__DIRECTIONS__. Since the records include pictures, leave those out while you reproduce exactly and only the lines from the one containing "old fashioned items" through the one containing "Modern tiny house", inclusive.

Start of EXTRACTED INFORMATION

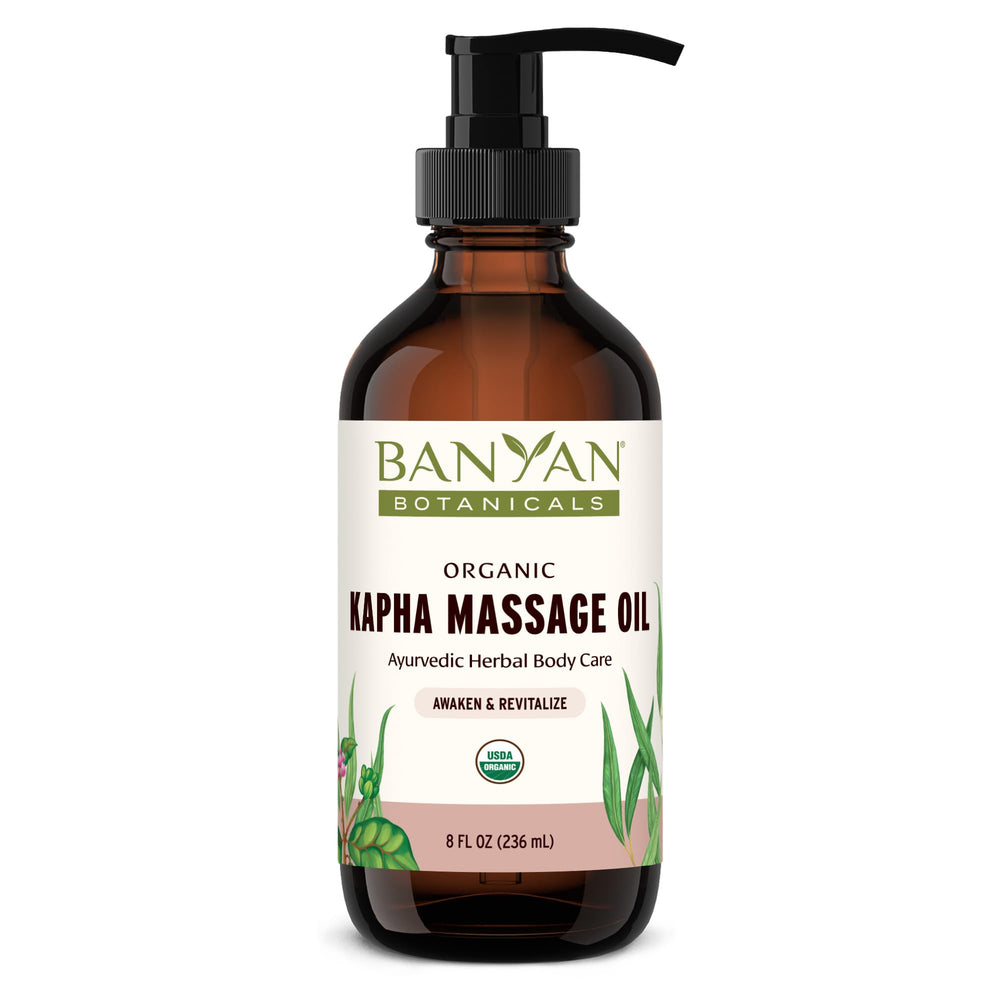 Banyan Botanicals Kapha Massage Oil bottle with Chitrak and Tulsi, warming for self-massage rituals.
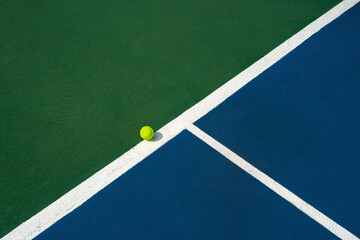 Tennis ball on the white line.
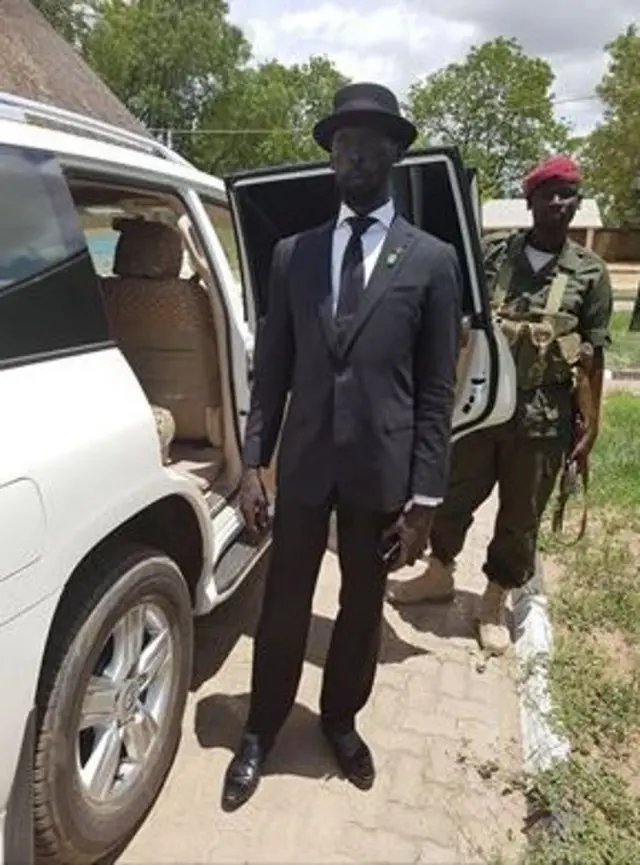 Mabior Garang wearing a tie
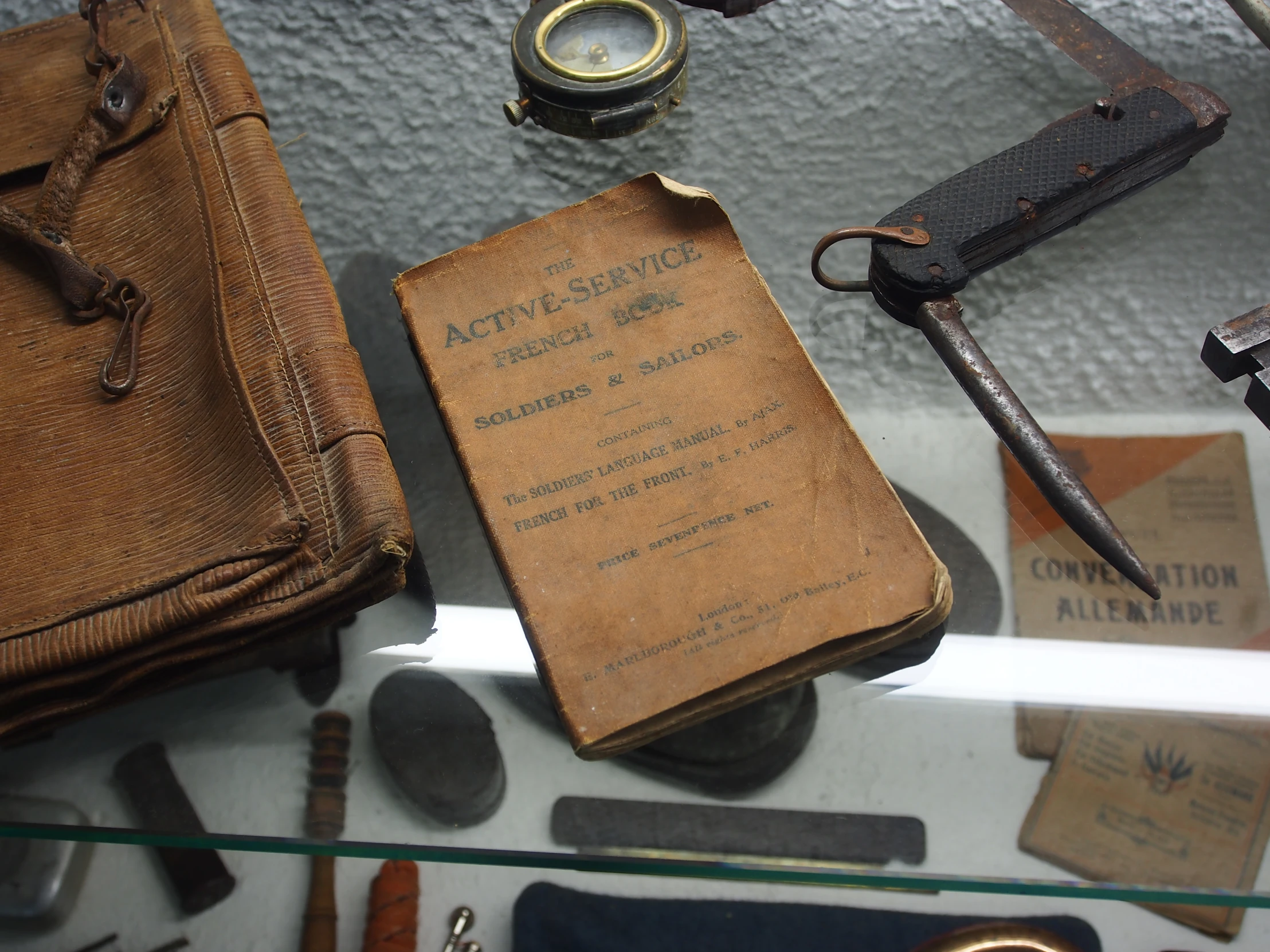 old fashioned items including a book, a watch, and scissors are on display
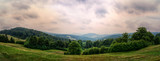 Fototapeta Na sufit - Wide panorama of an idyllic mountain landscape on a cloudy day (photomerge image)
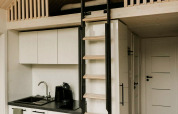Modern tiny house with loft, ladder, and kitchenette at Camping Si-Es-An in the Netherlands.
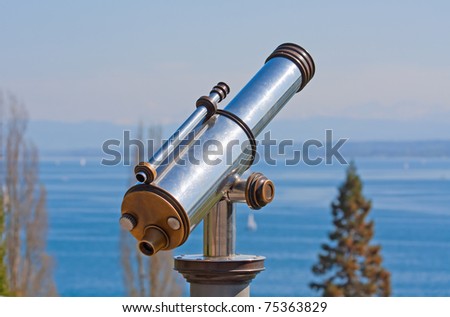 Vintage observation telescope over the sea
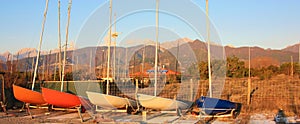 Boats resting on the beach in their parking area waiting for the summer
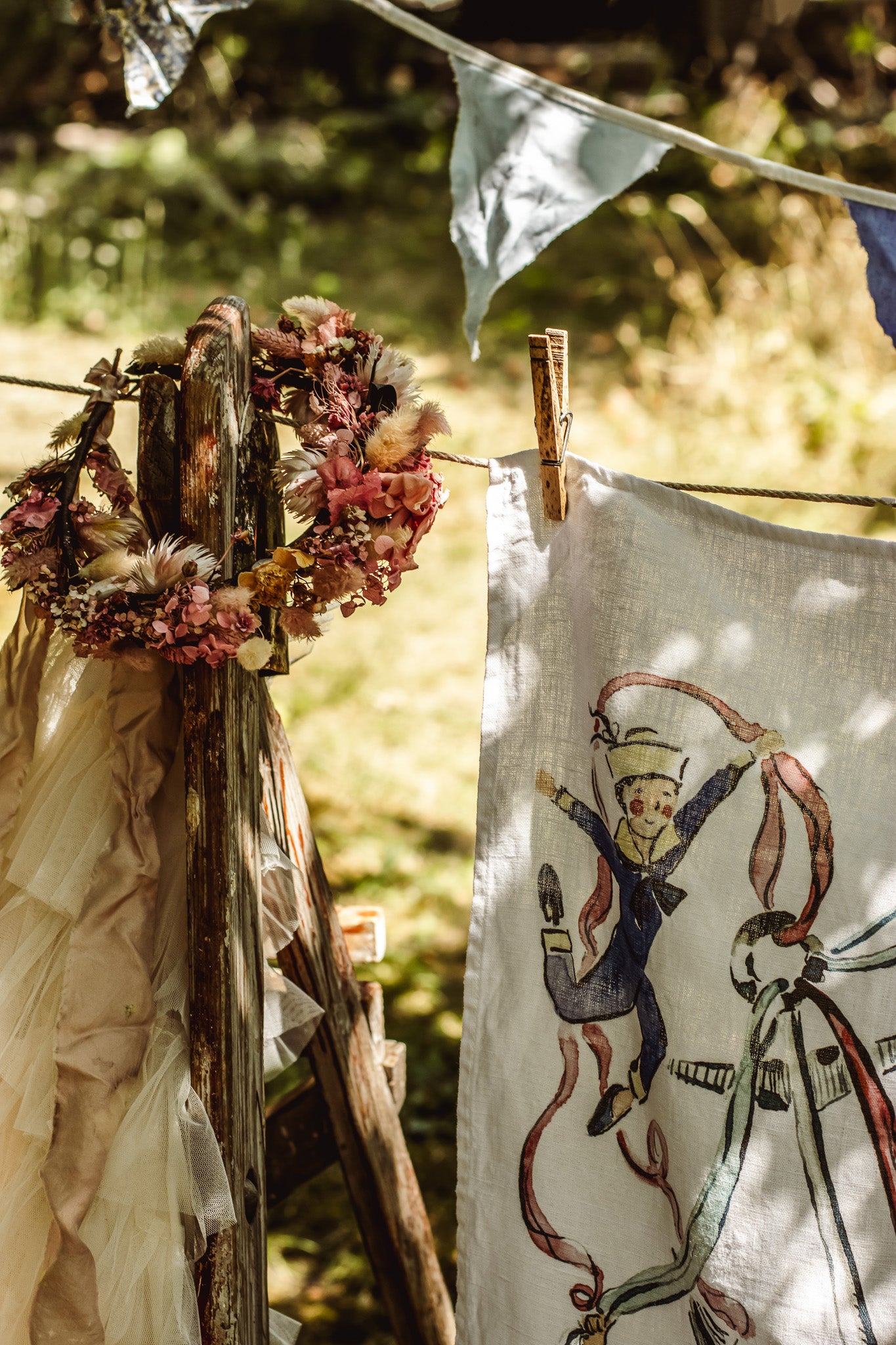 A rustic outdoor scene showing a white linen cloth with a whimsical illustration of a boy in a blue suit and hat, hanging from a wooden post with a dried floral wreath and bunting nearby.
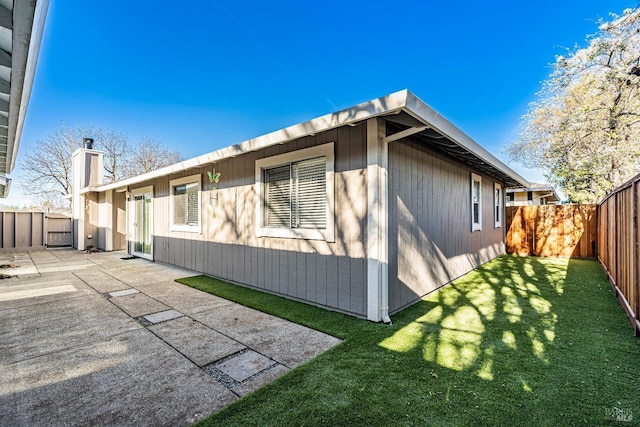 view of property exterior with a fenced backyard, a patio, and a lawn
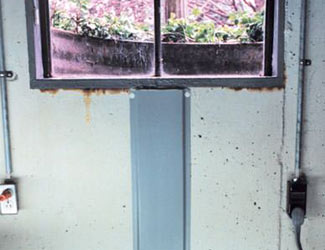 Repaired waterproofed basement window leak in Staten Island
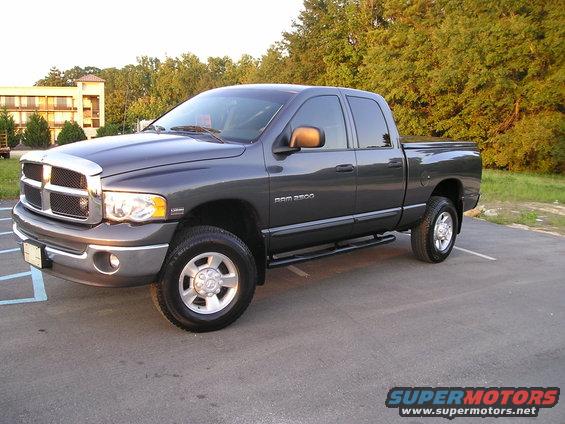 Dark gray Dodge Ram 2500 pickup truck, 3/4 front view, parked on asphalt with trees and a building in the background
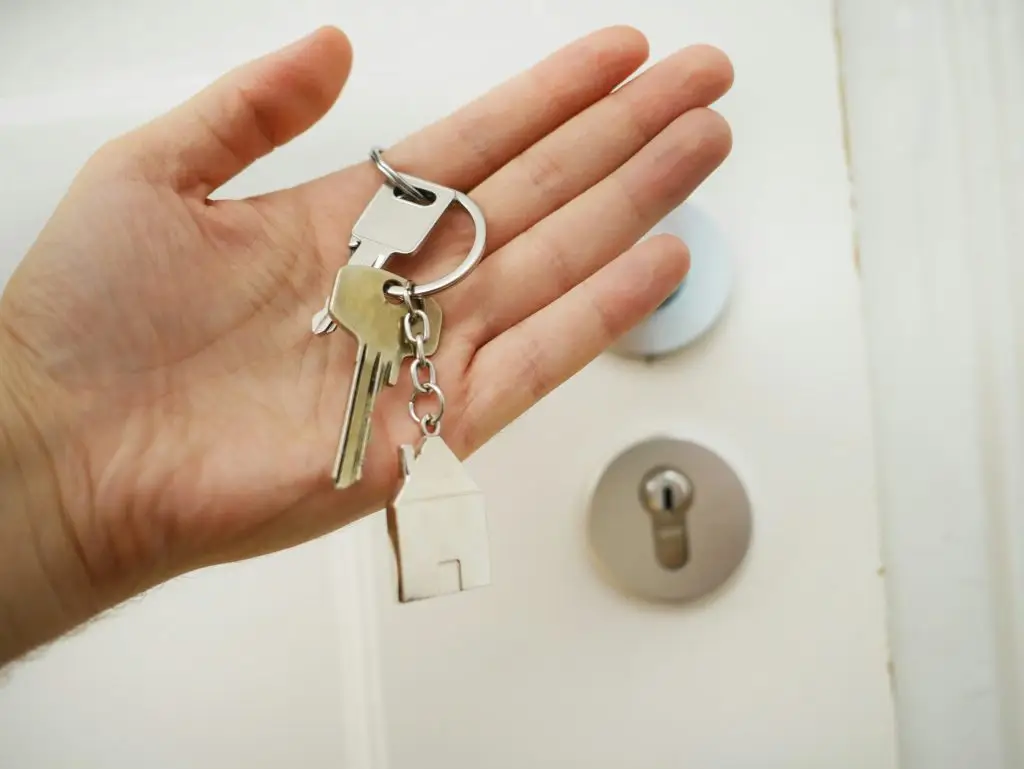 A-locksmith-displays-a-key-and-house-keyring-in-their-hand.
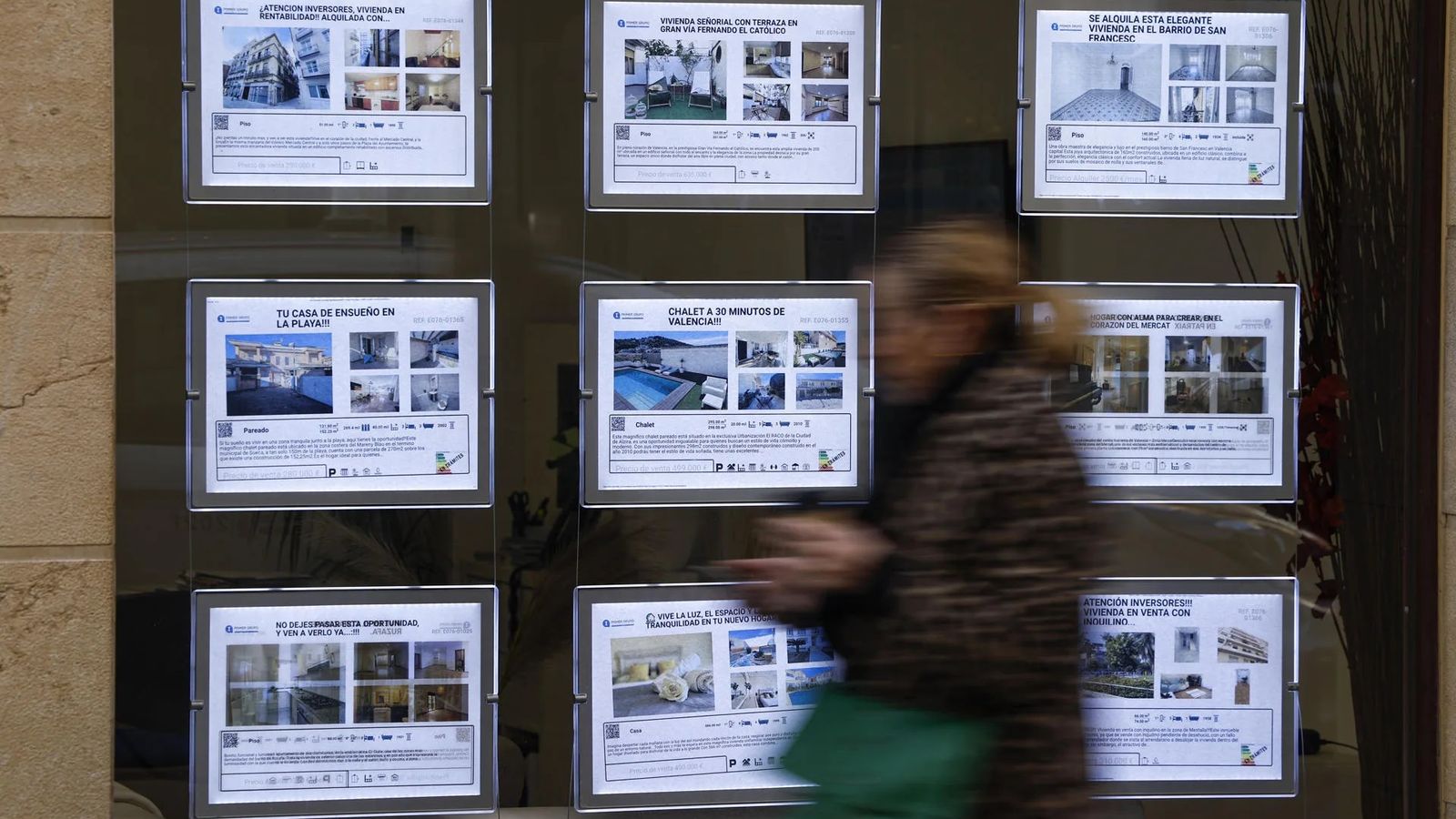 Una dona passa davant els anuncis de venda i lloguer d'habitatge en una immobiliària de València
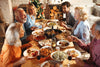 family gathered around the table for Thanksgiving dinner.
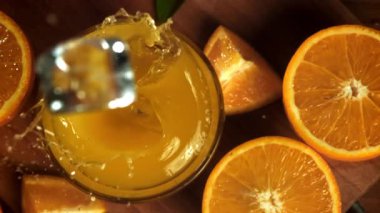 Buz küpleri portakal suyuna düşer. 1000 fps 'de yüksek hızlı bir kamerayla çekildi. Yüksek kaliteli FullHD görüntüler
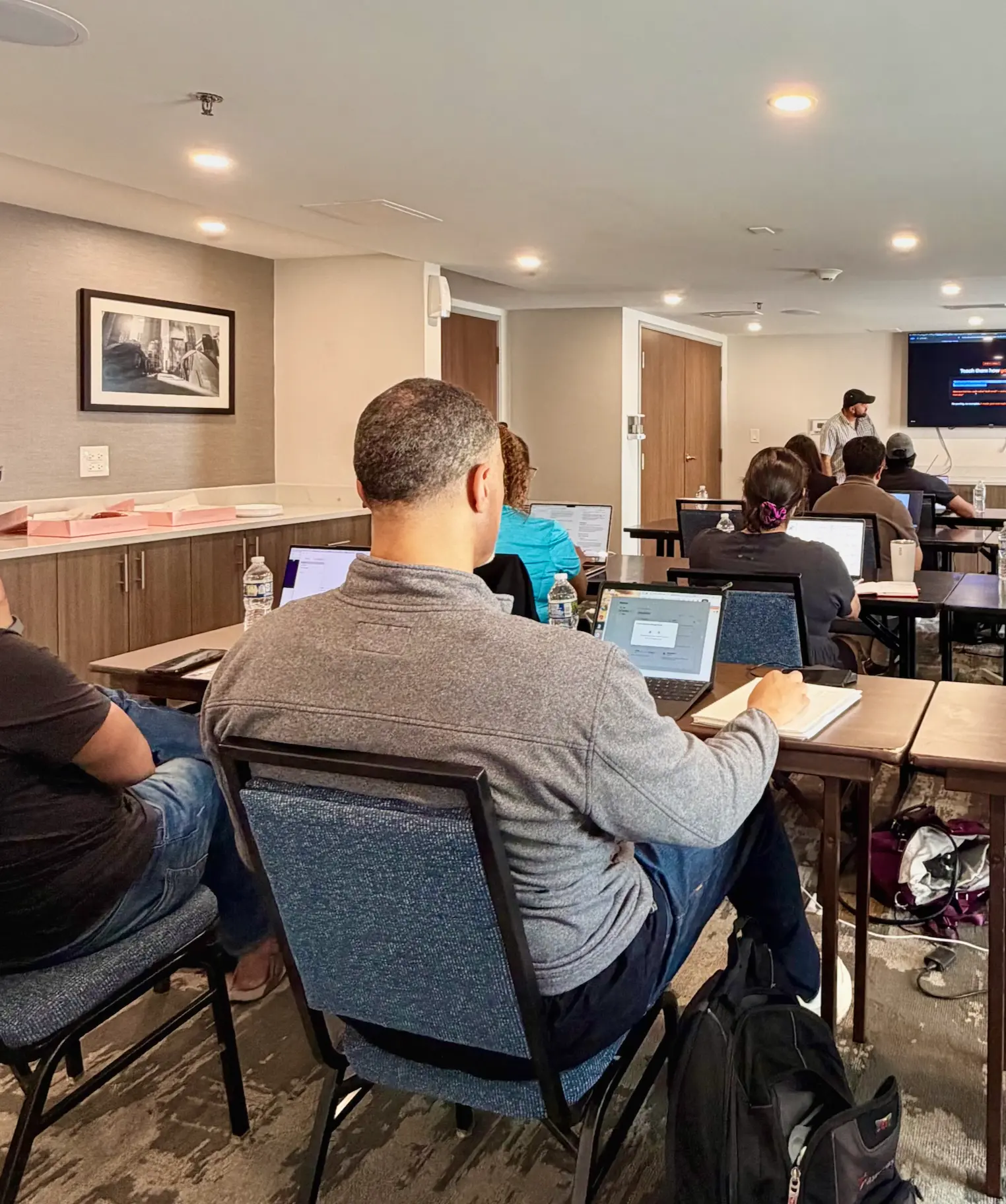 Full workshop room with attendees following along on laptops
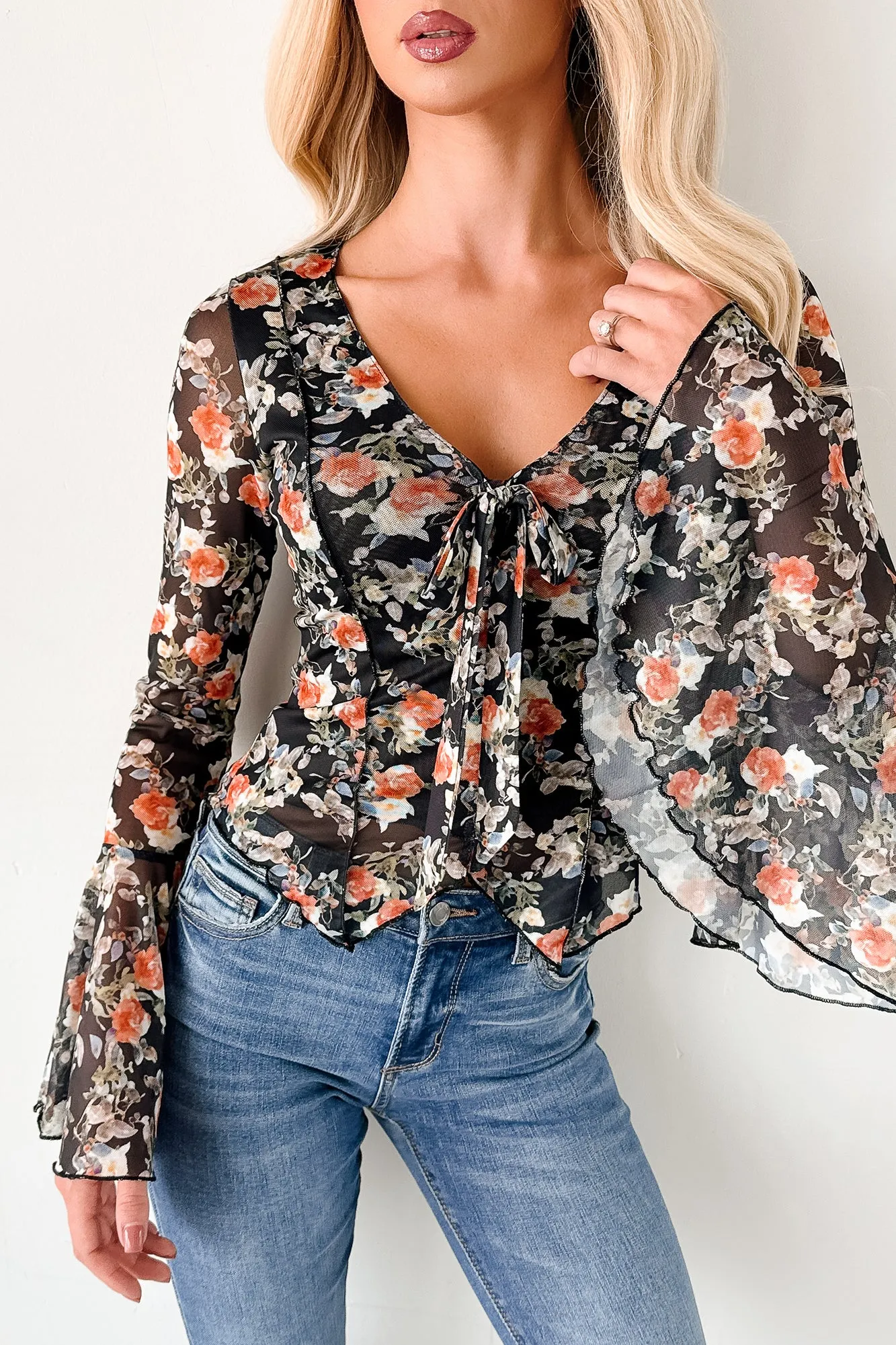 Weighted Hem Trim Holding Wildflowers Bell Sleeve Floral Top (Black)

End of EXTRACTED INFORMATION

__RESULT BELOW__.
 old fashioned items including a book, a watch, and scissors are on display
 Fototapeta Na sufit - Wide panorama of an idyllic mountain landscape on a cloudy day (photomerge image)
Modern tiny house with loft, ladder, and kitchenette at Camping Si-Es-An in the Netherlands.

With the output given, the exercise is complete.